┌────────

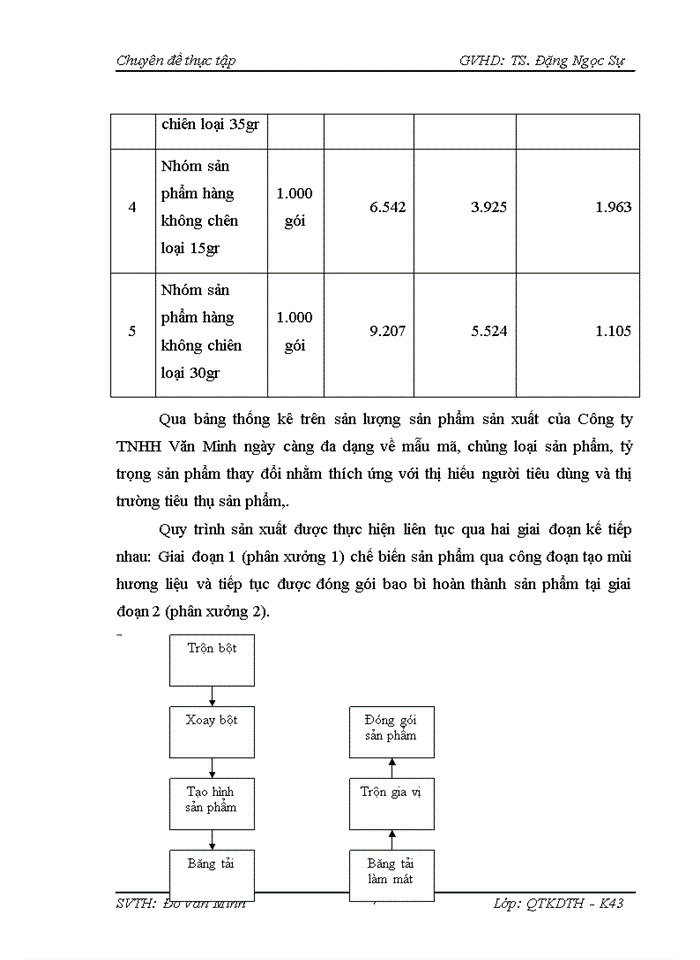 image for page Hoàn thiện hoạt động tuyển dụng nhân lực tại công ty TNHH Văn Minh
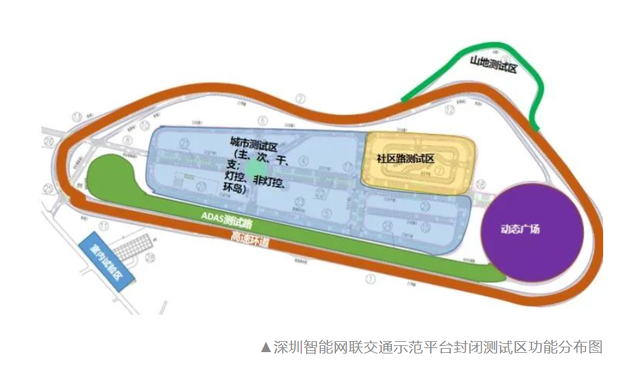 深圳打造全球首个5G引领的智能网联交通测试基地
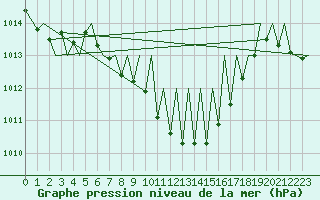 Courbe de la pression atmosphrique pour Zurich-Kloten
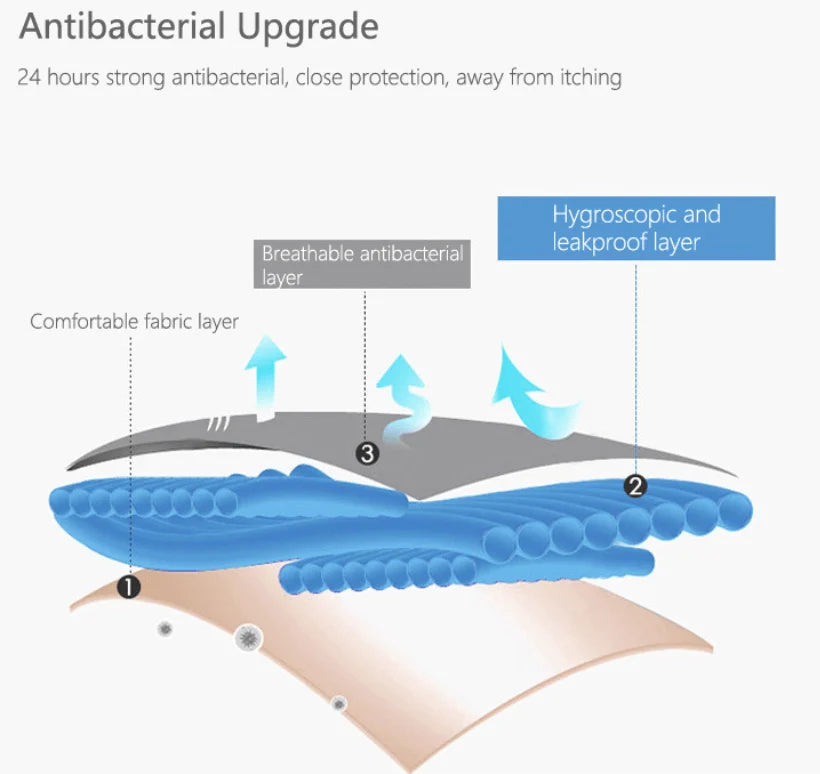 Lekkasjesikker beskyttelsestruse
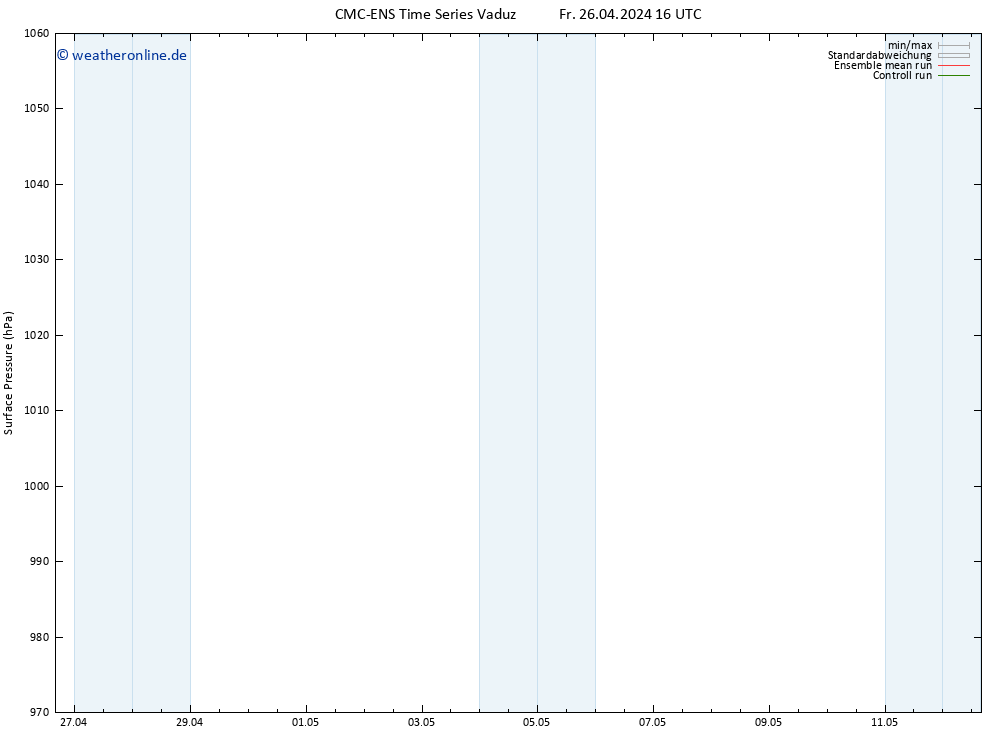 Bodendruck CMC TS Fr 26.04.2024 16 UTC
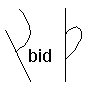 bid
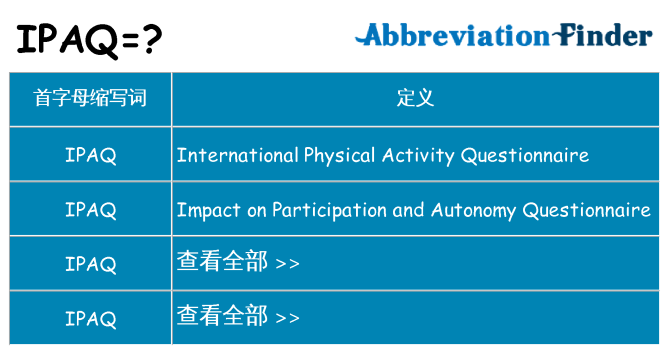ipaq 代表什么
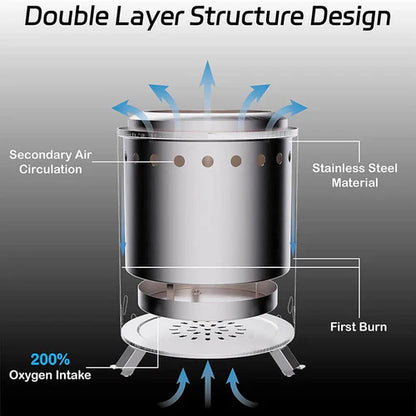 Smokeless Portable Tabletop Fire Pit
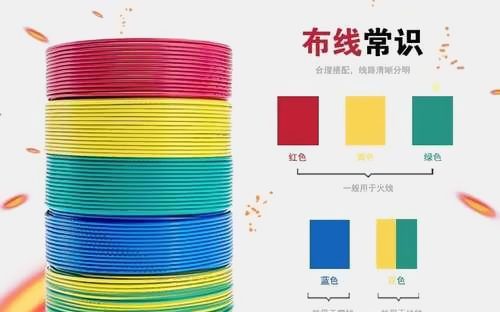 家庭用線規范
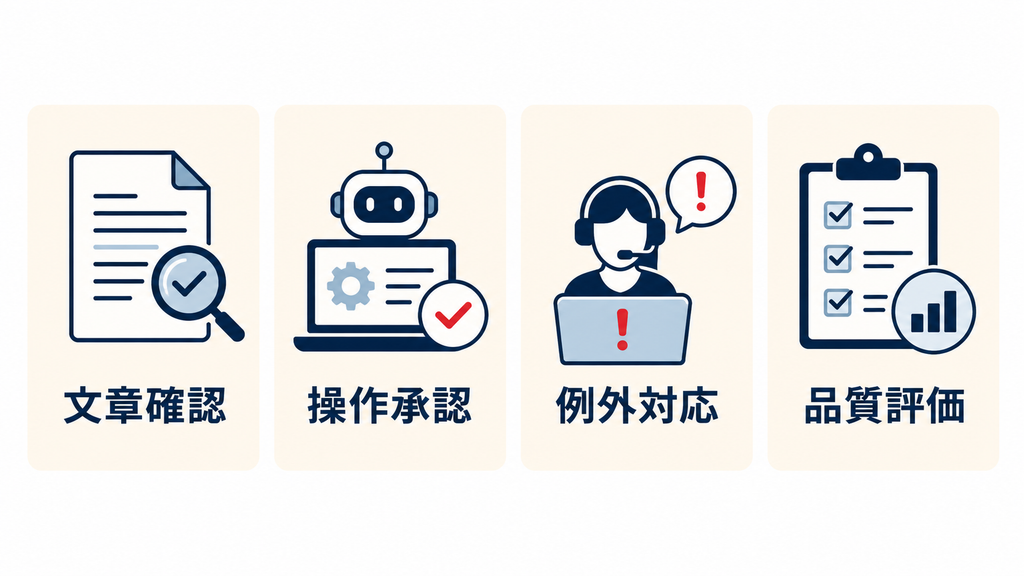 Human in the Loopの具体例と活用場面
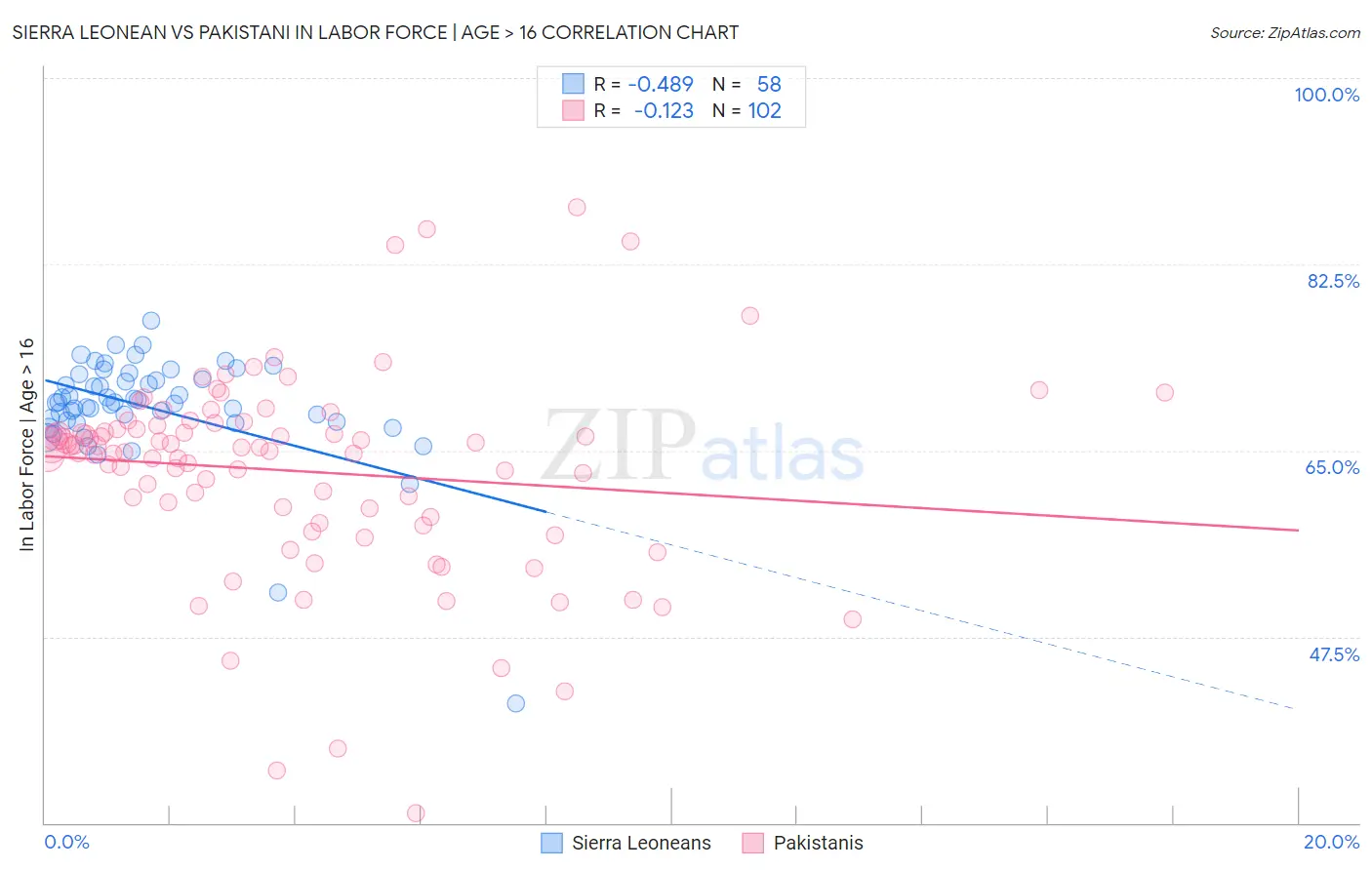 Sierra Leonean vs Pakistani In Labor Force | Age > 16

└────────

Work item: Restate the listing word for word, pictures omitted.

Finished exercise:
 image for page Hoàn thiện hoạt động tuyển dụng nhân lực tại công ty TNHH Văn Minh
 深圳打造全球首个5G引领的智能网联交通测试基地
 Courbe de la pression atmosphrique pour Zurich-Kloten
 Lekkasjesikker beskyttelsestruse
 Bodendruck CMC TS Fr 26.04.2024 16 UTC
 bid
ipaq 代表什么
 Smokeless Portable Tabletop Fire Pit
 家庭用線規范
 Human in the Loopの具体例と活用場面
 Sierra Leonean vs Pakistani In Labor Force | Age > 16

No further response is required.